I realize I work as an English teacher in a third world country and not a 1960s era US advertising agency, but sometimes I wonder what the difference is. I’m required to wear a skirt. Wage discrimination is by skin tone, not gender, and to my benefit, but it’s there. And being a feminist, well, I’m not the majority here. It’s just as well I didn’t get my photo share site working, it’d be a liability to my employment right now. Obviously I’m not going to elaborate on a public blog. Same reason post about Thai scout camp is indefinitely postponed. I took paper notes. Not many white girls attend those. I enjoyed the camp for the most part, and the students enjoyed my presence. Especially the red-bracelets. I’m glad I could be there for them.

American Teacher Barbie, I’m not blonde, but I’ve got the right accent and I am pretty cute. Throwing out my mascara was hardly a stand. And I ended up buying more. It never actually helps, especially in this humidity. Last week, I was trying to help a student and I was wheeled over into a desk that is not my own to be filmed for local TV, all the white teachers in one block of desks, working their magic to teach listening and speaking. Yep, I am Barbie. I didn’t get to help that student.

It’s been awhile since I posted. You may or may not be aware that I’m trying to be more guarded, and simultaneously exploding on to the internet to try and keep my outward cool while appearing to be productive. Gee, when did you start posting so much? Well, I said I’m playing my cards even closer than usual. I should probably save that. It’s a junk hand any way. But I’m sure the Terror Warning and Iranian bomb bozos didn’t help matters. For the record, you’re not required to call the Embassy to tell them you’re ok. And I am not a government official.

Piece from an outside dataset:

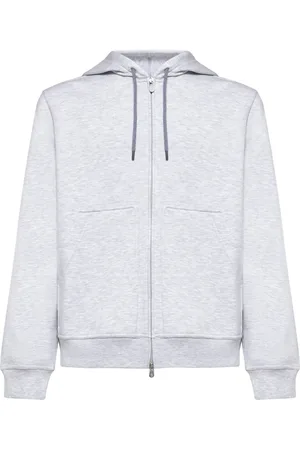 Brunello Cucinelli Sweathshirts & Hoodies, Herre, Grå, M, Bomuld, Zip-Through Sweater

I won’t fully explain the incidents leading me to ponder the question, am I working for respect or a paycheck? But I’ve realized I’m working for a paycheck right now. I enjoy having housing, food, etc., but I know few people that can feel happy when they aren’t earning respect. Real respect, not the OMG your skin is SO WHITE respect. I value respect and honesty. And I’m currently mastering deception and falsehoods. How do I even find room to respect myself? Well, I’m doing the best I can. I try to remind myself that just last week I earned my 5-year teacher’s license. But I spent five years just to get the 2-year, and my home state just passed legislation against labor unions. I’m in a situation where schools on both sides of the ocean want two years of experience, and my first year doesn’t ‘count.’ In many situations my current experience doesn’t ‘count.’ Hey, this isn’t about the paycheck this is about respect. And I am Teacher Barbie in a world disbanding unions and dumbing down education.

Like everything else, I will push through. Many people have to compromise respect to put food on their table, and like I’m one to complain when I have a passport, a paycheck and my resume to date. I’ll find a way, even if it’s not the most traditional one. That’s what I do. I am the ringleader. And I like to take my circus on the road. No one will get that reference.